„Die Menschen sind verzweifelt, viele sind seit Monaten auf der Flucht. Schon bei der letzten großen Offensive im Spätsommer gab es nicht mehr genügend Wohnraum für alle. Selbst jetzt im Winter leben Familien unter Bäumen am Straßenrand und es kommen immer mehr neue Geflüchtete dazu“, sagt Wael Khedr, unser Projektverantwortlicher für die Nothilfe in Syrien.
Trinkwasser, Brot und Unterkunft
Seit 2012 ist arche noVa in den Regionen um Idlib und Aleppo aktiv. Mit der Verteilung von Wasser, Brot, Lebensmittel- und Hygienepaketen versuchen die syrischen Kolleginnen und Kollegen die schlimmste Not ihrer Landsleute zu lindern. Und sind oft selbst direkt von den Kampfhandlungen betroffen.
„Von unserem Team aus 25, mussten 15 in den letzten Wochen selbst fliehen. Nicht alle von ihnen konnte eine Wohnung mieten, manche mussten notdürftig bei Verwandten oder Bekannten unterkommen“, sagt Wael Khedr.
arche noVa-Büro zwischenzeitlich evakuiert
Immerhin sei die schlimmste Bedrohung durch die vorrückenden Regierungstruppen erstmal vorbei, das evakuierte Büro wieder geöffnet und die humanitären Helferinnen und Helfer sind alle wieder im Einsatz. Denn die Not ist groß. Den Menschen fehlt es an allem.
„Eigentlich haben wir die Ausgabe der Hilfsgüter bisher immer systematisch und monatsweise geplant, aber im Moment verteilen wir in Abstimmung mit den Vertretern der informellen Lager und den Vertretern der Gastgemeinden so viel wie möglich, überwiegend kurzfristig an Neuankömmlinge und an die Bedürftigsten unter ihnen, darunter alleinerziehende Frauen, Familien mit mehr als fünf Kindern oder mit kranken Familienangehörigen“, sagt Wael Khedr. Insgesamt werden im Moment 11.500 Familien mit Lebensmitteln und Wasser versorgt. 2.700 Kinder bekommen warme Unterwäsche, Mützen, Schals und dicke Jacken.
Die Kinder leiden am meisten. Sie verstehen oft gar nicht, was geschieht, haben alles verloren.
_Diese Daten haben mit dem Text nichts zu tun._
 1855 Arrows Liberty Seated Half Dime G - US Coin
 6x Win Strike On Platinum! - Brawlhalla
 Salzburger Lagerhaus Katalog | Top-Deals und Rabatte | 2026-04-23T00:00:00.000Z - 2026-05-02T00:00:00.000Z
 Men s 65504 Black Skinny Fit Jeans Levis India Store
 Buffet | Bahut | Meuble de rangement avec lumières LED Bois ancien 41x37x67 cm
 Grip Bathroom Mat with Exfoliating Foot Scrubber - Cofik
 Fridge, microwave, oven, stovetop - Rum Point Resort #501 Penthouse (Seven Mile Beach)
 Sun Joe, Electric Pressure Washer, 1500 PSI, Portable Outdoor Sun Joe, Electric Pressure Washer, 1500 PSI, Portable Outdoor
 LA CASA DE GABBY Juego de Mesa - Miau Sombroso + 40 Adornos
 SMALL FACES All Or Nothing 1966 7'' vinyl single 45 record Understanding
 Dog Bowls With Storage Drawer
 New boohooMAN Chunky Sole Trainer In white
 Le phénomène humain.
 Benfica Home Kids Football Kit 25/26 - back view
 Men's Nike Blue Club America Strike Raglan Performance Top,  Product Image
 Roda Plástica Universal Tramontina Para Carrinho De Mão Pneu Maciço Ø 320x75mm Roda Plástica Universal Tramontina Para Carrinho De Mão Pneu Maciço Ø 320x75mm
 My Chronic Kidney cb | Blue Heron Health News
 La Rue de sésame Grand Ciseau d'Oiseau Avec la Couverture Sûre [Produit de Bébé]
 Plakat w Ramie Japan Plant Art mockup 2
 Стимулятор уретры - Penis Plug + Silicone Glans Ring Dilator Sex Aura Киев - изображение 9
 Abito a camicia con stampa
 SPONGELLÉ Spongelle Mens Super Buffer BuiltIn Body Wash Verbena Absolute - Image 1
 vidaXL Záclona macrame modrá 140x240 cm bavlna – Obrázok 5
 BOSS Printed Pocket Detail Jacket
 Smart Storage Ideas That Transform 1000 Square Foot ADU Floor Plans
Immer wieder sehen wir auch Familien, die von minderjährigen Familienoberhäuptern geführt werden, die schon so jung die Verantwortung für die ganze Familie tragen müssen. Hier versuchen wir direkt zu unterstützen.
Flucht aus Idlib
Ein wichtiger Schwerpunkt unserer Arbeit in den Fluchtgebieten nördlich von Idlib und südlich der Grenze zur Türkei, ist neben der Verteilung von Lebensmitteln auch die notdürftige Renovierung halbfertiger oder teilweise zerstörter Wohngebäude, um den Geflüchteten Schutz vor Kälte und Regen zu bieten. Bisher haben wir schon etwa 150 Wohnungen notdürftig instand setzen können, 60 weitere Wohnungen werden folgen, wo wir derzeit Fenster und Türen einbauen und sanitäre Einrichtungen reparieren. Eigentlich war eine Wohnung für je eine Familie vorgesehen, im Moment ziehen in der Not in jede fertige Wohnung mindestens drei Familien ein. „Wir können nur hoffen, dass die Menschen dann auch hier bleiben können und nicht erneut fliehen müssen“, so Wael Khedr. Die Sorge ist berechtigt, denn Assads Truppen rücken immer wieder näher, zerstören Wohngebäude, Schulen, Krankenhäuser.
„Aber so lange es irgendwie geht, versuchen wir Hilfe zu leisten. Das ist alles, was wir tun können.“, betont Wael Khedr.